When Martina’s brothers and uncles began receiving land grants she decided she too wanted her fair share. So in 1833 Martina was the first woman to ask for and receive a Spanish land grant. The Soquel Rancho was a tract of 1,668 acres, an expanse one-and-a-half miles wide and two miles long from Soquel Creek to Borregas Gulch. Later in 1844 she was granted an additional 32,702 acres which made her the largest land grant owner in the region extending her original grant to Loma Prieta.
Just when life seemed perfect the drama of the Gold Rush era and early Statehood woes came about. Her husband was murdered in the California gold fields, three of her children died in a typhoid epidemic and her Yankee and foreign sons-in-law pressured and sued her to divide her land. One of those son-in-laws was Thomas Fallon, husband of her daughter Carmel Castro.
Well, there’s no way to sugar coat this story. Martina was not a happy woman when her daughter married Fallon in 1849, a hotel and saddle-shop owner from Santa Cruz. She felt he was a scoundrel who was only marrying her for her money and land grants. I believe it was about this time the term “gold-digger” came about.

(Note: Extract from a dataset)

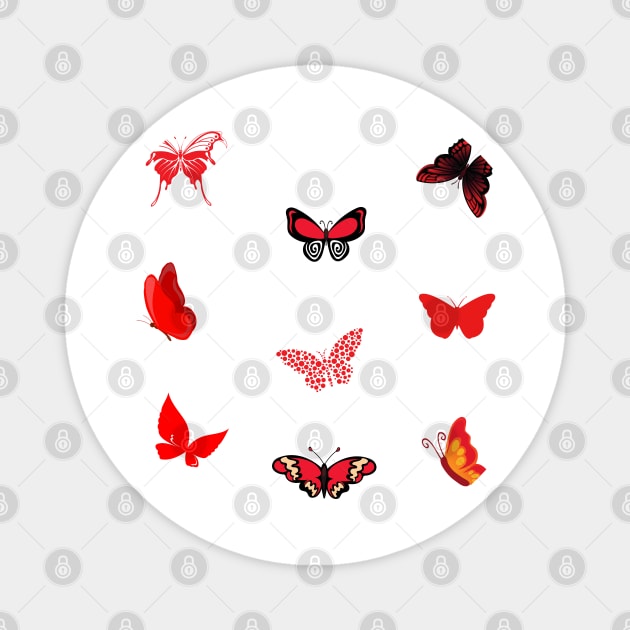 Red butterfly Magnet by Wolf Clothing Co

After the heartbreaking lawsuits with her mother, Carmel and Thomas received 3400 acres of land which they sold and then moved to San Jose. In 1959 Fallon would become the first Mayor of San Jose under US occupation. Then after 27 years of marriage Carmel returned home unexpectedly to find her husband in a compromising position with the maid. Busted. She should have listened to her mother.
The loving duo where chased out of the house with a fireplace poker and the honeymoon was over. The next day Carmel packed up her bags and children and moved to San Francisco.
Castro Fallon Building
Carmel started over in San Francisco where she became a savvy business woman and real estate investor acquiring a tremendous amount of wealth. She built the Hotel Carmel, Fallon Hotel and 1800 Market Street. She later made a generous pledge to the San Francisco Opera House which bears a plaque with her name.
There is a lot more juicy tidbits and fascinating facts behind these two and I didn’t even mention the men in the Castro family who are equally as intriguing. But, I’m not writing a novel here so hopefully I have intrigued you enough to do a little archive searching on your own.